▶ [PROVIDED RECORDS]
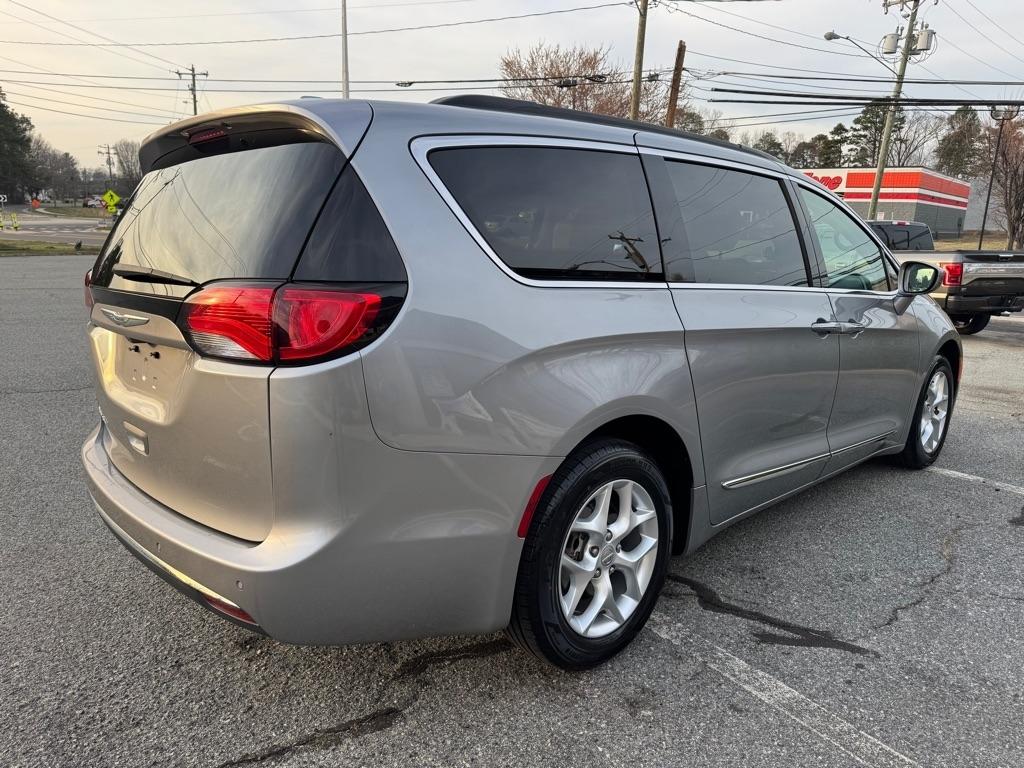 Chrysler Pacifica Touring-L 2017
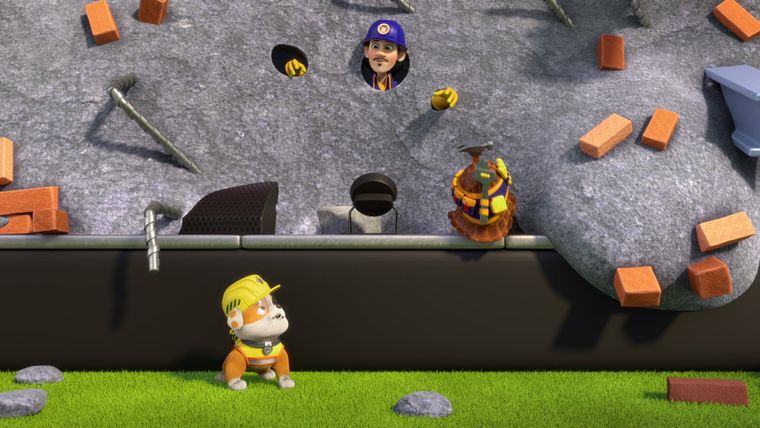 Die Crew baut eine grosse Bühne / Die Crew baut Instrumente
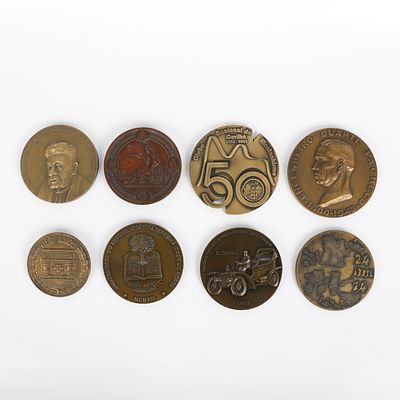 CONJUNTO DE OITO MEDALHAS. Conjunto de oito medalhas em bronze e uma de cobre, "Engenheiro 
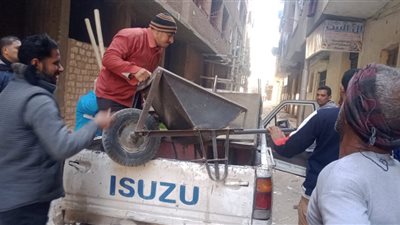 محافظ أسيوط: رفع إشغالات الباعة الجائلين بشارعي رياض والبوسطة بحي شرق وتحرير محاضر للمخالفين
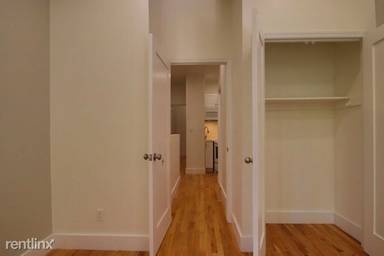 Main picture of 543 E 5th St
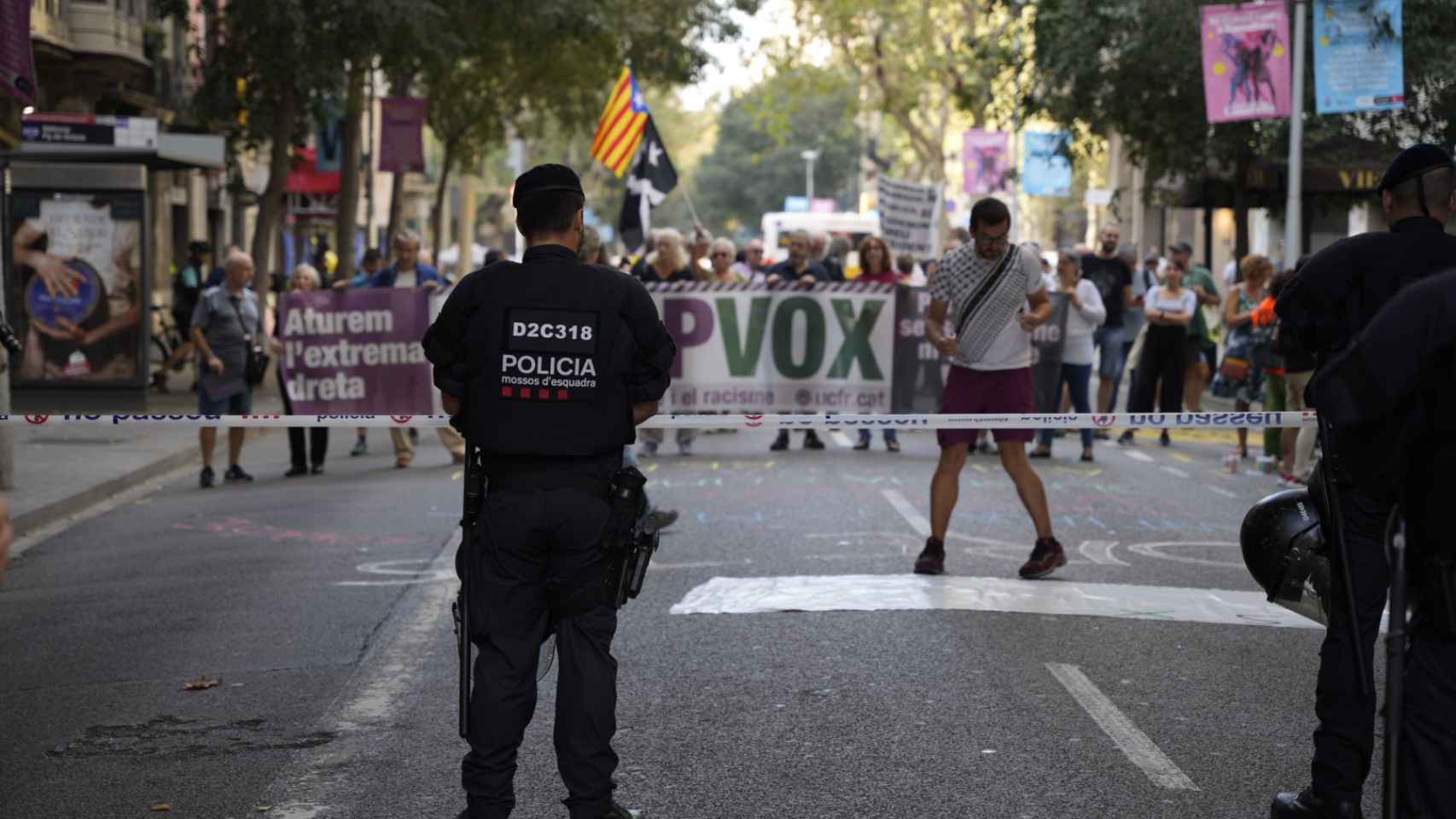 Agentes de los Mossos d'Esquadra separan la protesta proamnistía y la manifestación convocada por SCC este domingo en Barcelona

▶ [ACTIVITY]
Write out the lines that run from the line containing "محافظ أسيوط: رفع" to the end of the entries, inclusive, exactly as written. Skip every picture.

▶ [SOLUTION BELOW]
 محافظ أسيوط: رفع إشغالات الباعة الجائلين بشارعي رياض والبوسطة بحي شرق وتحرير محاضر للمخالفين
 Main picture of 543 E 5th St
 Agentes de los Mossos d'Esquadra separan la protesta proamnistía y la manifestación convocada por SCC este domingo en Barcelona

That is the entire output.